Andrew Conway claims the network is “reasonably fragile”.
Tor users could be targeted by police next year as governments seek to combat crime and reduce political dissent, according to a researcher at the security firm Cloudmark.
Andrew Conway claimed the anonymity network is "reasonably fragile", with police able to unmask service providers by comparing traffic spikes, generated by distributed-denial-of-service (DDoS) attacks, from just a small number of endpoints.
He added that the network was at risk of a complete shutdown if a government decided to launch a massive DDoS attack against it, which would overload the system with traffic.
Conway said: "There are only a few thousand endpoints where Tor connects to the rest of the internet.
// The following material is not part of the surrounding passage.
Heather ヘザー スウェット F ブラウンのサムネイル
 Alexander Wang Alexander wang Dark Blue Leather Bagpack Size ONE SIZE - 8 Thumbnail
Attacking those with a DDoS is well within the capability of many organisations and states."
"I think some oppressive regimes may decide that they have had enough of their dissidents using it and just want to shut the thing down, or some group in law enforcement may decide the same."
The security of Tor was called into question when the FBI arrested Blake ‘Defcon’ Benthall in November for his alleged work on the second iteration of Silk Road, an ecommerce site specialising in contraband that could only be accessed through Tor.
Conway added that the police mole planted in the second Silk Road admin team was "probably" involved in the arrests that caused the first version’s collapse, and that he suspected they had used the DDoS and endpoint approach to monitor network traffic.
Despite this, he said police are still unable to track down Tor user’s IP addresses, which would be necessary to identify those purchasing contraband online.
"[Tor] still does give a level of anonymity for people looking for child pornography, but not if they are providing it," he said.